6. Challenge Winners

For details on the winning entries please see the track overview slides and individual talks linked in the schedule.

	1st place	2nd place	3rd place	4th place
COCO Detection: Bounding Box	Megvii	UCenter	MSRA	FAIR
COCO Detection: Segmentation	UCenter	Megvii	FAIR	MSRA
COCO Keypoints	Megvii	Oks	Bangbangren	—
COCO Stuff	FAIR	G-RMI	Oxford	—
Places Instance Segmentation	Megvii	G-RMI	BlueSky	—
Places Scene Parsing	CASIA_IVA_JD	WinterIsComing	xdliang	—

7. Invited Speakers

Vladlen Koltun

Intel Labs

I direct a basic research lab at Intel Labs. We are based in two locations: Santa Clara, California and Munich, Germany. We are hiring interns, postdocs, and staff researchers in both locations. We are broadly interested in visual computing and intelligent systems. Our work is usually published in computer vision, machine learning, and computer graphics conferences.

Genevieve Patterson

MSR NE

Genevieve is a postdoc at MSR New England. She studies crowd-driven Computer Vision systems and deep learning models for medical and cultural problems. Her interests include visual attribute discovery, crowd-powered dataset annotation, fine-grained object recognition, medical network interpretability, multimodal networks, and active learning. Her work has appeared at CVPR, ECCV, NIPS, IJCV, and HCOMP, where her paper introducing a system for crowdsourced fine-grained one-shot object detection was finalist for Best Paper in 2015. She received her PhD from Brown University in 2016 under the direction James Hays (now of Georgia Tech).

Alex Kirillov

University of Heidelberg & FAIR

Alex is a last year PhD student at the University of Heidelberg (Germany) supervised by Carsten Rother.
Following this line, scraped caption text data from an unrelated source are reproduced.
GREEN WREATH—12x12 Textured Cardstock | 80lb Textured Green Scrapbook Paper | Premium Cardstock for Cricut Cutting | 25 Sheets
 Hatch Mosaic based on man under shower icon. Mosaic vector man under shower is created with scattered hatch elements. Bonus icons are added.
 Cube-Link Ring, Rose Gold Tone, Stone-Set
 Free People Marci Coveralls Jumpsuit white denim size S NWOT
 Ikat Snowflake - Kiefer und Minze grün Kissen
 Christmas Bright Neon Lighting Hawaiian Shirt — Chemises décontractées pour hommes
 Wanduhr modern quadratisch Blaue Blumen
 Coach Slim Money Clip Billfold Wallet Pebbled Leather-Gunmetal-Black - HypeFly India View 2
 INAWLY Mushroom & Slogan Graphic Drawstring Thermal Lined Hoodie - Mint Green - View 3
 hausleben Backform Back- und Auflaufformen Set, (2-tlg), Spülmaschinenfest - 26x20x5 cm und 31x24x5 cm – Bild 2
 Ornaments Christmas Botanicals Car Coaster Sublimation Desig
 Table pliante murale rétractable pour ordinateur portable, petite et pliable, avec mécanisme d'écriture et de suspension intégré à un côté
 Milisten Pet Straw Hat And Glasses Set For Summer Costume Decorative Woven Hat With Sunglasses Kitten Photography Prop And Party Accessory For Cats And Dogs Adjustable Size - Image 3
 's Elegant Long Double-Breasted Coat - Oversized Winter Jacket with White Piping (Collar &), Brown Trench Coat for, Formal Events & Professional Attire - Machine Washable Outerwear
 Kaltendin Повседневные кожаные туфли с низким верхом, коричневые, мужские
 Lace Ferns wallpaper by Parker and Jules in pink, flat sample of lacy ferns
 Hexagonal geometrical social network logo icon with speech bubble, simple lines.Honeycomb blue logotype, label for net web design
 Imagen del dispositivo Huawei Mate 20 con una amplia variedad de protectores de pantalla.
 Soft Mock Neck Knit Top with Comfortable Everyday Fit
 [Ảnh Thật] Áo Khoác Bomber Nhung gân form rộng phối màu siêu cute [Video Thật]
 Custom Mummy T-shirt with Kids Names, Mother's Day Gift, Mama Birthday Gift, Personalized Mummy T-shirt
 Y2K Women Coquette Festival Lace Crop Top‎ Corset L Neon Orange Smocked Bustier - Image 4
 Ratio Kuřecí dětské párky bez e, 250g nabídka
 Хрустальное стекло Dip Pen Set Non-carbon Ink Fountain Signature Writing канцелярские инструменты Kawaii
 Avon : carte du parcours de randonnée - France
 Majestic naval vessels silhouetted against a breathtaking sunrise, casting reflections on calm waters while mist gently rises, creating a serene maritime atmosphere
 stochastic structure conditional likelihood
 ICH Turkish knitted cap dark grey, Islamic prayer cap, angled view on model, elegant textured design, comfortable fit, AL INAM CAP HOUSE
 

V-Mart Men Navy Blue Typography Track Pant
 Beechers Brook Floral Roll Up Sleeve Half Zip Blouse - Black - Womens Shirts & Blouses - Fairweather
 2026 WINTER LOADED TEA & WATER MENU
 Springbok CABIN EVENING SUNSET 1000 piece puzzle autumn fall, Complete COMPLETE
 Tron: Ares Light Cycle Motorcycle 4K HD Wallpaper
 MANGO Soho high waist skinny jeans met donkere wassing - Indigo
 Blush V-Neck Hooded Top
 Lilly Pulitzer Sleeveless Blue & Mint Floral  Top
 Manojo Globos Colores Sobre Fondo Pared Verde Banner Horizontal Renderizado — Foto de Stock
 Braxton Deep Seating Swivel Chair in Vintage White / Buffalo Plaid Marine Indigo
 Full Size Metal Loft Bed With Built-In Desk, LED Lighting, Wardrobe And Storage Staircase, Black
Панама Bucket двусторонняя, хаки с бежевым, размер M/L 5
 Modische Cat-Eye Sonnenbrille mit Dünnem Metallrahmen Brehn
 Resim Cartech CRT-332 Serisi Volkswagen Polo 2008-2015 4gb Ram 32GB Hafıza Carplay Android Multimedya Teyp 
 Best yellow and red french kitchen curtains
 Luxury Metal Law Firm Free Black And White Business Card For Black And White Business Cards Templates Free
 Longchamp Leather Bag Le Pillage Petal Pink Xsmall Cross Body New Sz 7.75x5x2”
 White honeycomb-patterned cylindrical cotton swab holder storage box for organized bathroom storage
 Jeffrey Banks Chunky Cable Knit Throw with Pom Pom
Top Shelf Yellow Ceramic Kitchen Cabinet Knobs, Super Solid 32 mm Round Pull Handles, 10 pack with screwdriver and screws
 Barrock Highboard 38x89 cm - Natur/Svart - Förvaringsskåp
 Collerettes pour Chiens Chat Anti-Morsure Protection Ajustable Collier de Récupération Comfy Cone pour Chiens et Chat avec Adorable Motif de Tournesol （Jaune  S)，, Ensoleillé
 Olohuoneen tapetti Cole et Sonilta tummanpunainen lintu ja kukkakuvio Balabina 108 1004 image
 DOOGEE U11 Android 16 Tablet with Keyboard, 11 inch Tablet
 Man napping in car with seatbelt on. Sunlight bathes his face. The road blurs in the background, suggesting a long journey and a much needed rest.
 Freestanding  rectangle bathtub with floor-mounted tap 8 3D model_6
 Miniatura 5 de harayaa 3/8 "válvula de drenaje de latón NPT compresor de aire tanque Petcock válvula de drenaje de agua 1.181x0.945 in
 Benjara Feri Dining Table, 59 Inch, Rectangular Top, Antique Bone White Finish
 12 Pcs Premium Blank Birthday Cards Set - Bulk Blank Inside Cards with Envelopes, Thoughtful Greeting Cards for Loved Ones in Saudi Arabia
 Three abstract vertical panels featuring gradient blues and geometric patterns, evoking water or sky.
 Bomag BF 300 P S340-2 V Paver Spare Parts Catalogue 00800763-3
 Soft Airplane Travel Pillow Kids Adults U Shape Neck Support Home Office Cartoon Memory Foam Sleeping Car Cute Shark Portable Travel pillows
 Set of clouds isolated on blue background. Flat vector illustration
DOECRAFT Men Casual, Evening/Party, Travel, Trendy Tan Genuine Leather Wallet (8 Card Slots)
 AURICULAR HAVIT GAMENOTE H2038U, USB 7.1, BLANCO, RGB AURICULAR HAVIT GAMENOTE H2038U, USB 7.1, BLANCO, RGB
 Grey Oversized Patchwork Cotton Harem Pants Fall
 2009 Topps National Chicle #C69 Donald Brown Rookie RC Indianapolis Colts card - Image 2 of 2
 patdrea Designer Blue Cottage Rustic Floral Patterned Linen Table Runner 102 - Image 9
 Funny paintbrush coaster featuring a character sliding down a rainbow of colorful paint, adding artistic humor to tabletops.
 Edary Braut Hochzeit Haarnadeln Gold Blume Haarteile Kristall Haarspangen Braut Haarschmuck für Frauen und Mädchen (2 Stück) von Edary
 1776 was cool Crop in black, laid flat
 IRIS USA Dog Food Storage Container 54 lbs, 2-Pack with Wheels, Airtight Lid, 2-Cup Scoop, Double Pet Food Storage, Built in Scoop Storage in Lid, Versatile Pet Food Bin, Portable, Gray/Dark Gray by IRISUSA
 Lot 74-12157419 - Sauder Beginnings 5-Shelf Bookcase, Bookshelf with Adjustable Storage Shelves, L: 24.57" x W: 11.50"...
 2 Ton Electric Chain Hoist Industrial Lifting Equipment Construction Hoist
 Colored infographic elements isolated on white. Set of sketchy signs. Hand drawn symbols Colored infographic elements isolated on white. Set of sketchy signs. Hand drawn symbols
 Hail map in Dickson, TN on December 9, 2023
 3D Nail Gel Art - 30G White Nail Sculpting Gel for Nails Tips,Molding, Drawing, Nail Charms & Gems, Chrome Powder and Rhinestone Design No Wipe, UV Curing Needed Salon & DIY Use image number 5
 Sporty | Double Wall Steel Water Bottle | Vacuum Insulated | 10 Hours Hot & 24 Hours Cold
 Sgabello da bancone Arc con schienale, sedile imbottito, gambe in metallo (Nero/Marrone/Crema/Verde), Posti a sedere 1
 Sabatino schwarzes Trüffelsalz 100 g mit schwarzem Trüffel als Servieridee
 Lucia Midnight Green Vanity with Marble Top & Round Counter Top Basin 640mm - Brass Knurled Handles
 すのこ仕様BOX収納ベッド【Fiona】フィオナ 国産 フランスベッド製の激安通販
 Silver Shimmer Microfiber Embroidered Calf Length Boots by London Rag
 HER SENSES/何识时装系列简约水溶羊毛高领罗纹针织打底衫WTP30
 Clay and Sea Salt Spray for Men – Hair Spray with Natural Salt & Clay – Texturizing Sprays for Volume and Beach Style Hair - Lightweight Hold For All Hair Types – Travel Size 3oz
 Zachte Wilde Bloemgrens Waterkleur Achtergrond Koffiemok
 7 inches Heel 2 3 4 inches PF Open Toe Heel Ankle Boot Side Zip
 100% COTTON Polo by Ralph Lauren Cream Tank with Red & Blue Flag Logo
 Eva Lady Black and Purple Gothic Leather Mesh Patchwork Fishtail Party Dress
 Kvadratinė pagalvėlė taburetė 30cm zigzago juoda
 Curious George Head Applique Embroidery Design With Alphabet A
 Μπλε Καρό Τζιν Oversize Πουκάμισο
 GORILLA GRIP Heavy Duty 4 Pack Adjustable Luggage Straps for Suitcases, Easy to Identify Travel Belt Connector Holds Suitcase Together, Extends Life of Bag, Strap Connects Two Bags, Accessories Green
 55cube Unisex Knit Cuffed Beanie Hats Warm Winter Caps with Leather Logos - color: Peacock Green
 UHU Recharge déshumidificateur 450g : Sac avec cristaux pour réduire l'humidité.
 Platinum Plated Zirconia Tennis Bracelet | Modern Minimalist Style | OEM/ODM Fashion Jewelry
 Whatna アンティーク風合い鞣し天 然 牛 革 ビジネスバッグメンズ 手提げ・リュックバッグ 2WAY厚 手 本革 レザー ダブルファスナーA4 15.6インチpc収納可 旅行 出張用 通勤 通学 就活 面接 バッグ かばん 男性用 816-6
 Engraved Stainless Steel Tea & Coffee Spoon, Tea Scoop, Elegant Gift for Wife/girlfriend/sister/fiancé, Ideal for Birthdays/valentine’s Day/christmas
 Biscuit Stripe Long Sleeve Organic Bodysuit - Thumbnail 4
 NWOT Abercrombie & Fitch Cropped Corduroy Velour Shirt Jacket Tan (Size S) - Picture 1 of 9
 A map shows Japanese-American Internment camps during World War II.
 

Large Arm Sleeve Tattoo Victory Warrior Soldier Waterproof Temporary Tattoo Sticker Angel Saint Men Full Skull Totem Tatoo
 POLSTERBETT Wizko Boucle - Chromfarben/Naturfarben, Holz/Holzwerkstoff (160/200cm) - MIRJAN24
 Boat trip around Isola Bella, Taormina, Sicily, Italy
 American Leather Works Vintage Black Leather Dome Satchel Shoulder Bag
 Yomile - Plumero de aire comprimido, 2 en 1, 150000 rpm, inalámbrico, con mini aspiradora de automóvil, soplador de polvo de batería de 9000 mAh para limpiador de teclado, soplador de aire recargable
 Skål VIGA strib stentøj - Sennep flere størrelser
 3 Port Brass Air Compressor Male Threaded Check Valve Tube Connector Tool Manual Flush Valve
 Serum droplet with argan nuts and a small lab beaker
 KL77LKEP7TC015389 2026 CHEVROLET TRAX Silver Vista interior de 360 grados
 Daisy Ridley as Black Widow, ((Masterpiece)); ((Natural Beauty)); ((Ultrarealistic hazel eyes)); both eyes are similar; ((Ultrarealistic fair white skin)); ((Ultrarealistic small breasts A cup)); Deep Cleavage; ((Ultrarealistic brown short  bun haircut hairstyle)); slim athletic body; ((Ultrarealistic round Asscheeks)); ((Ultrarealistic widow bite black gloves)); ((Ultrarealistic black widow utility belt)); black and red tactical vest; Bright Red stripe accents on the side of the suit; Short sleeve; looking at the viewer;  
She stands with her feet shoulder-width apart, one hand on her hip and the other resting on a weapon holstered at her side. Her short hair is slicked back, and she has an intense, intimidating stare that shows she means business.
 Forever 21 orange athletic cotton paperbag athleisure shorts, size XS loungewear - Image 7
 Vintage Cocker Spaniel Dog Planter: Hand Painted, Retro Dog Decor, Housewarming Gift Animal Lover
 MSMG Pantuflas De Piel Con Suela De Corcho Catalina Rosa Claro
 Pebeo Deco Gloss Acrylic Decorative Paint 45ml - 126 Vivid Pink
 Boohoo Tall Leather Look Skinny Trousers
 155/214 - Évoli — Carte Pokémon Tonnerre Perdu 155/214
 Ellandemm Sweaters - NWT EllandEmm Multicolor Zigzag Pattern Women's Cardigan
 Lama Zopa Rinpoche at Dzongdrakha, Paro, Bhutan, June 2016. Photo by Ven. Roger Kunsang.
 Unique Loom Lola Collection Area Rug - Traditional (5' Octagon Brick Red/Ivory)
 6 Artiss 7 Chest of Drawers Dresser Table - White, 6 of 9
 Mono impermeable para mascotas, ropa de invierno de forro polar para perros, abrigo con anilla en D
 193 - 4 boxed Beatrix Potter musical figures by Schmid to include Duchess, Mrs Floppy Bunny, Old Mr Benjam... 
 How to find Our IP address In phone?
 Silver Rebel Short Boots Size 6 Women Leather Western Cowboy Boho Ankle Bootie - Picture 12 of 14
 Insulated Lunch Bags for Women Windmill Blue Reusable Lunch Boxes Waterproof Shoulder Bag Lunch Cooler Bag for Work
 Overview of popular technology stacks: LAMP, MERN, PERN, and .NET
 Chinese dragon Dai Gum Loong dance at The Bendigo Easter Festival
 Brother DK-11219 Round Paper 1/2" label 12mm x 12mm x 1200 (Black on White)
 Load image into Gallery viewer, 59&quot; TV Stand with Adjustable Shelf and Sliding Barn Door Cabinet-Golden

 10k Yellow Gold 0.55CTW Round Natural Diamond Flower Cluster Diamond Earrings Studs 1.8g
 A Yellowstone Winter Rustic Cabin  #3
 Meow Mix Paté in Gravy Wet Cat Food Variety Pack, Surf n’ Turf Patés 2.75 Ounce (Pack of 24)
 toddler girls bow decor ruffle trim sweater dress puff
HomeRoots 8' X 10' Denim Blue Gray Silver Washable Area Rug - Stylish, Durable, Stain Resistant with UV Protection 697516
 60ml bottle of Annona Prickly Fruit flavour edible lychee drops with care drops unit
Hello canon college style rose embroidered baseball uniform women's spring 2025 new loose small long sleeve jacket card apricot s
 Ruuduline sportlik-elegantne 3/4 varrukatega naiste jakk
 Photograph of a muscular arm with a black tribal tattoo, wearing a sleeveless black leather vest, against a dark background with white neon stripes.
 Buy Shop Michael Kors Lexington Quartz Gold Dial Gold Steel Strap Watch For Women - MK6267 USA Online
He is currently an intern in Facebook AI Research working with Piotr Dollár, Kaiming He, and Ross Girshick. He has published numerous papers in top-tier Computer Vision and Machine Learning venues such as CVPR, ICCV, and NIPS. Alex also helped organize a CVPR tutorial on diversity in Computer Vision systems in 2016. His main research interests are deep learning models for structured output and diversity modeling for Computer Vision applications. Alex is currently looking for a full-time research position in industry starting from Spring 2018.